ISIS, ISIL, Daesh, Islamic State: Why the Terror Group Has So Many Names
Policy + Politics

ISIS, ISIL, Daesh, Islamic State: Why the Terror Group Has So Many Names

Reuters

President Obama calls them ISIL. French President Francois Hollande calls them Daesh. The media mostly uses ISIS, Islamic State or IS. In the wake of the terrorist attacks in San Bernardino, Paris and Beirut, world leaders are preparing to step up with a more unified fight against the radical Islamic group. So why the different names? Here’s a guide to explain them all. 

ISIS
The name is an acronym for Islamic State in Iraq and Syria or Islamic State in Iraq and al-Sham. After expanding into Syria in 2011, the group began referring to itself as ISIS because it controlled territory in Iraq and Syria. Al-Sham refers to a specific region along the eastern Mediterranean Sea that is much larger than modern Syria. Most news organizations use the term ISIS because it’s the name that most people recognize. 

Related: 9 ISIS Weapons That Will Shock You 

ISIL
This version is an acronym for Islamic State in Iraq and the Levant. Some English speakers translate the Arabic al-Sham as “the Levant,” a term that refers to the large area of land between the Euphrates River and the Mediterranean Sea. The Levant is a bigger swath of land than the area denoted by the term al-Sham, but they overlap with one another. In the end, both ISIL and ISIS have generally the same meaning.  

Reporters have speculated about why the Obama administration uses ISIL, with explanations ranging from the straightforward (it’s a more accurate translation and better represents the area the group aims to take over) to the distrustful (one theory holds that the administration was trying to downplay Syria). 

Islamic State
The group changed its name to the Islamic State, or IS, in June 2014, when it declared a caliphate in the areas that it controlled, intending the term to represent a successor state to the original seventh-century Islamic nation. The group also calls itself The Caliphate. With this claim, the group is implying it’s the only state that true Muslims should adopt. The term drops all geographic modifiers that imply physical boundaries and reflects the group’s ultimate goal of creating a caliphate across the region. 

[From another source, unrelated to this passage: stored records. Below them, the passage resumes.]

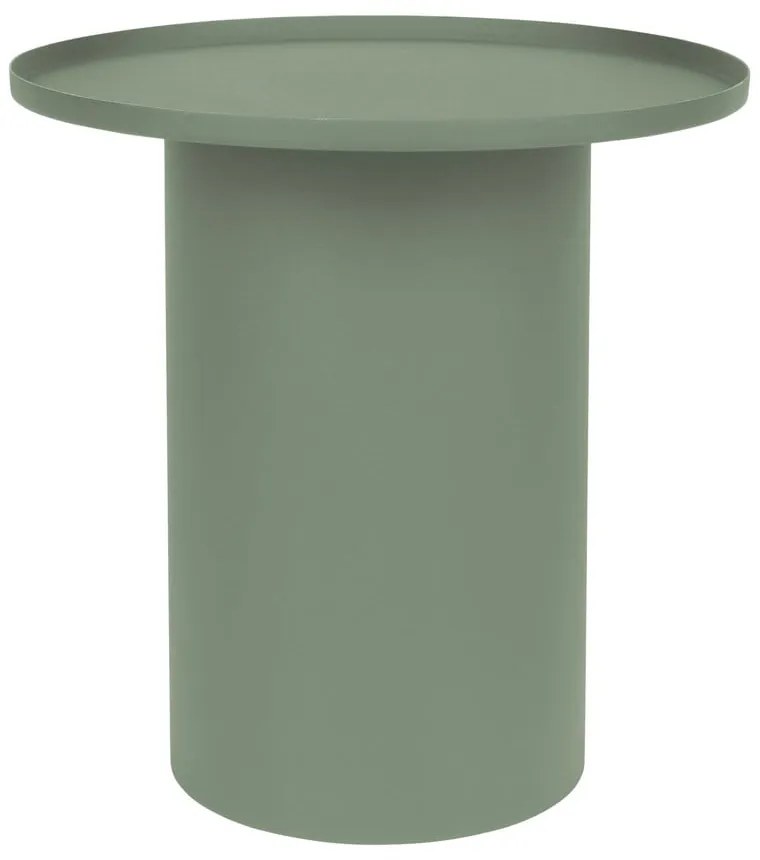 Tavolino rotondo in metallo ø 45,5 cm Sverre – White Label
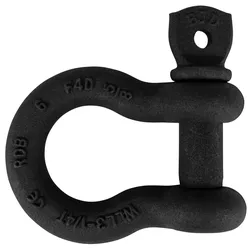 Eller Chain Shackle, Shoulder Bolt WLL 3,25 T - Schwarz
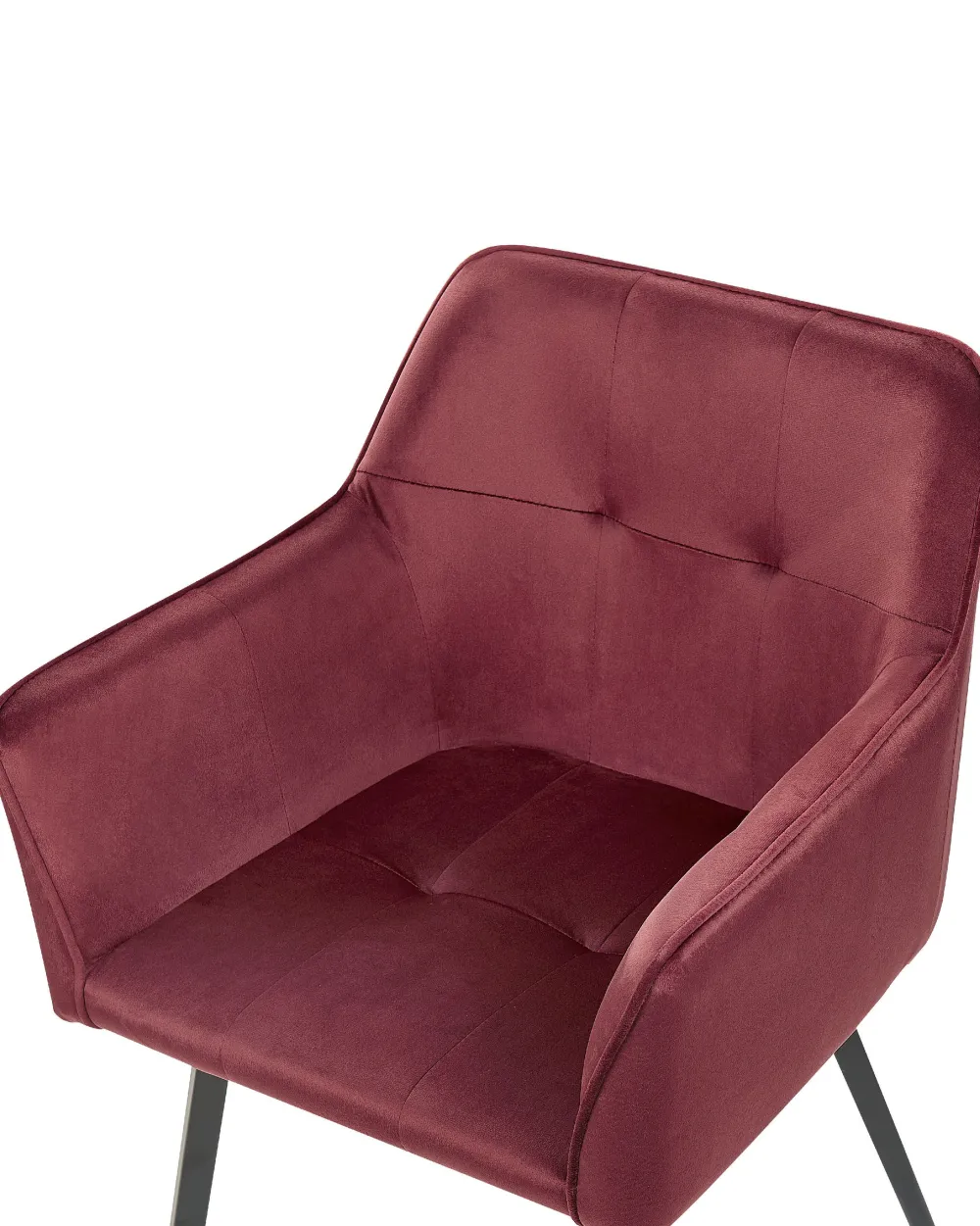Cheap Beliani Tuoli Sametti Viininpunainen 2 Kpl Jasmin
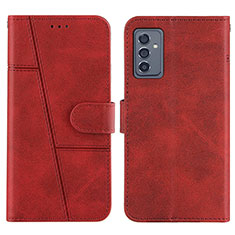 Custodia Portafoglio In Pelle Cover con Supporto Y01X per Samsung Galaxy A05s Rosso
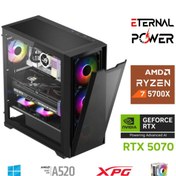 Resim ETERNAL POWER E.POWER RYZEN 7 5700X 32G DDR4 1TB M.2 RTX5070 A520 M750W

Some argue that using the terrorists’ preferred name gives them legitimacy and helps them recruit individuals worldwide. Over the summer, British Prime Minister David Cameron asked the BBC to stop referring to the group as the Islamic State. Cameron uses the name ISIL. And the Associated Press uses “the Islamic State group,” or phrases like “IS extremists,” to make clear that it is not a recognized, functioning state.

Related: Obama’s Use of ISIL, Not ISIS, Tells a Different Story

Daesh or Da’ish
Daesh is an acronym for the Arabic term “Dawlat al-Islamiyah f’al-Iraq wa al-Sham,” which roughly translates to “Islamic State in Iraq and the Levant.” 

But the word daesh in Arabic commonly means “a bigot who imposes his view on others” or “to trample and crush.” Calling the group Daesh implies that it is neither a real government nor a true representation of Islamic thought. As a result, the group hates the name to the point that it’s threatened to cut out the tongues of anyone who uses it — another reason some choose to use Daesh instead of other alternatives.

Since September 2014, it’s been France’s official policy to refer to the group as Daesh, and Arab governments have long used the term. U.S. Secretary of State John Kerry typically uses Daesh as well, and Obama referred to the group as Daesh when he condemned the group after the Paris attacks. Over the summer, 120 British members of Parliament wrote a letter to the director general of the BBC asking that the organization refer to the group as Daesh. So far, the BBC has not made the change.